The exterior of Wyoming features a slate roof with tile hips and ridges and distinctive chimneys. The interiors consist of a typical Victorian four square plan with a central stairway, connected to a two-storey staff wing. The main roof is titled in slate with terracotta ridging, while the staff wing roof is terra cotta tiled. The main house has a projecting bay at its east end and a projecting tower like room at its west end. The front northern elevation is covered with original timber and cast iron verandah, since enclosed and converted to bathrooms, kitchens, bedrooms etc.

The garden features native trees, and is bordered by a cast iron gate and gate posts. A glass house, which was largely derelict for many years, was reconstructed in the 1990s, at which time the garden underwent sympathetic replanting.

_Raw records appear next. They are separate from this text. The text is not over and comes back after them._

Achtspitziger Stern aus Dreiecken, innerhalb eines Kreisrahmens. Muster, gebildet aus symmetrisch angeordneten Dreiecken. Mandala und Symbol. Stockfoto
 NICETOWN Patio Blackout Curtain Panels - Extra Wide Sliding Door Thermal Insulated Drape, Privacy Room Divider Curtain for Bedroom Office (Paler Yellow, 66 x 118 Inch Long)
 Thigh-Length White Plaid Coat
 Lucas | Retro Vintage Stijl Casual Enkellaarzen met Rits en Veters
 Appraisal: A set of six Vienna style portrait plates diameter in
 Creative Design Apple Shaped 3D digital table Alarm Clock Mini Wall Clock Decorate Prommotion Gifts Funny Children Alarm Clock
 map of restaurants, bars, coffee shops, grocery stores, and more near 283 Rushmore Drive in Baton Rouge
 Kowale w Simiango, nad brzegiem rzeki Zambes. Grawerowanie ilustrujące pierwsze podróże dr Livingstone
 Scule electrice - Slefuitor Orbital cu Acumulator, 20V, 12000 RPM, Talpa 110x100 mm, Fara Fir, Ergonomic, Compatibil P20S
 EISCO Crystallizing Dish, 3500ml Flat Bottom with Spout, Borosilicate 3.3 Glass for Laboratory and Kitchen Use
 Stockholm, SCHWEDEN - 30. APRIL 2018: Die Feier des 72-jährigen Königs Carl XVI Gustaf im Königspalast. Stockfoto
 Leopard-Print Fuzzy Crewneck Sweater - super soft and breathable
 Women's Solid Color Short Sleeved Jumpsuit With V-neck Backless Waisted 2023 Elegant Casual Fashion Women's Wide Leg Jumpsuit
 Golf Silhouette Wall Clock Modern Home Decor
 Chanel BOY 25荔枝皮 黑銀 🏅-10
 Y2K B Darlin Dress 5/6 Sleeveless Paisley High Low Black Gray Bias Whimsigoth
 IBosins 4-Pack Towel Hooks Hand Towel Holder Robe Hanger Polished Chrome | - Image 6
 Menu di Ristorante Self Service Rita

=== Modifications and dates ===
- Verandahs infilled, interesting later addition to street side. Stucco - Ashlar.
- Windows modified.
- Entry lobby and rear complete stair (top newell missing), tesselated tiles, single storey.
- Verandah with cast iron columns stone steps from verandah, sea walls (top course rebuilt in smaller stones).
- Extensive restoration program underway since 1995 with Ian Stapleton advising

==Significance==

The combination of Wyoming's architectural qualities, its contextual impact, its degree of intactness and its historical associations make the villa a building of considerable cultural significance at the local, state and national level. This is one of the last waterfront Victorian villas remaining on the Balmain Peninsula. Architecturally, it is a fine example of the Italianate style, having been designed by the Mansfield Brothers, who were perhaps Sydney's pre-eminent mid Victorian architects. The villa has landmark qualities to Snails Bay and to Sydney Harbour. It has streetscape significance to Wharf Road and retains its original Victorian curtilage with a remnant garden. It has local significance for its association with Quarton Deloitte, known for his contribution to the local area and a pioneer in Australian rowing. It has state and international significance for its association with the eminent Russian scientist and humanitarian, Nicolai Miklouho-Maclay.